Last week, opponents filed a lawsuit against Gov. Brad Little, Idaho Department of Fish and Game director Ed Schriever and members of the Idaho Fish and Game Commission. Despite the ongoing opposition to Idaho’s wolf laws, this is the first lawsuit filed against Idaho officials.
The litigation focuses on the year-round trapping aspect of bill, arguing that grizzly bears and Canada lynx – both of which are protected under the Endangered Species Act – are at risk of injury or death due to expanded trapping.
Opponents’ other legal actions have triggered federal reviews of wolf protections. Here’s what Idaho is facing and what could happen next.
Lawsuit filed this month
The coalition of groups that filed suit against Idaho officials on Dec. 6 first warned of its plans in July with a 60-day Notice of Intent. The groups served a similar notice to Montana officials over the state’s trapping law.
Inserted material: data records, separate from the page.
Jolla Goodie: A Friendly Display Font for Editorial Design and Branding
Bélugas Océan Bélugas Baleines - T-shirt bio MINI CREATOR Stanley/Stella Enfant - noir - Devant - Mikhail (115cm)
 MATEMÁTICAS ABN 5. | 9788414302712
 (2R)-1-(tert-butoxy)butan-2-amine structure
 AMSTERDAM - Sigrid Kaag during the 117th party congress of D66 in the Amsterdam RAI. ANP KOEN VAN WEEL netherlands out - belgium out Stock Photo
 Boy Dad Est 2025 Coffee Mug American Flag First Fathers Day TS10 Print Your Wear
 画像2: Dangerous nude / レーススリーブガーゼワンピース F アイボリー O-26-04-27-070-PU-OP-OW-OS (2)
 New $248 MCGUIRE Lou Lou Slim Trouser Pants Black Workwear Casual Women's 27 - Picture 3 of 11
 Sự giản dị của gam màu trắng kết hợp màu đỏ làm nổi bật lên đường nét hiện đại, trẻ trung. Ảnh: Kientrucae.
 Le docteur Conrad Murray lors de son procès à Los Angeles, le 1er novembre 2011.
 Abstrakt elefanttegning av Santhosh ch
Patrick Kelly, spokesperson for the Western Watersheds Project – one of the 13 organizations in the suit filed last week – said the group waited longer than 60 days to see how Idaho and Montana officials would respond.
In response, Montana’s Fish, Wildlife and Parks commission adjusted how it would implement its wolf trapping in lynx and grizzly habitats. Idaho officials did not respond to the notice.
The December lawsuit asks the Idaho district court to stop wolf trapping in habitats shared by grizzly bear and lynx until Idaho can ensure trapping and snaring won’t violate the Endangered Species Act.
Ben Scrimshaw, an attorney for Earthjustice, said Idaho officials could find a way to ensure grizzlies and lynx won’t be caught or seek a permit from the U.S. Fish and Wildlife Service for any protected animals that are accidentally caught in traps intended for wolves.
According to the complaint, two grizzlies were killed in 2020 by wolf snares set in Idaho’s panhandle, while five lynx have been trapped since the start of the 2011-12 trapping season. Scrimshaw said the lawsuit won’t alter Idaho’s expanded wolf trapping laws, only impact how they can be implemented.
The Idaho Attorney General’s office will represent the defendants.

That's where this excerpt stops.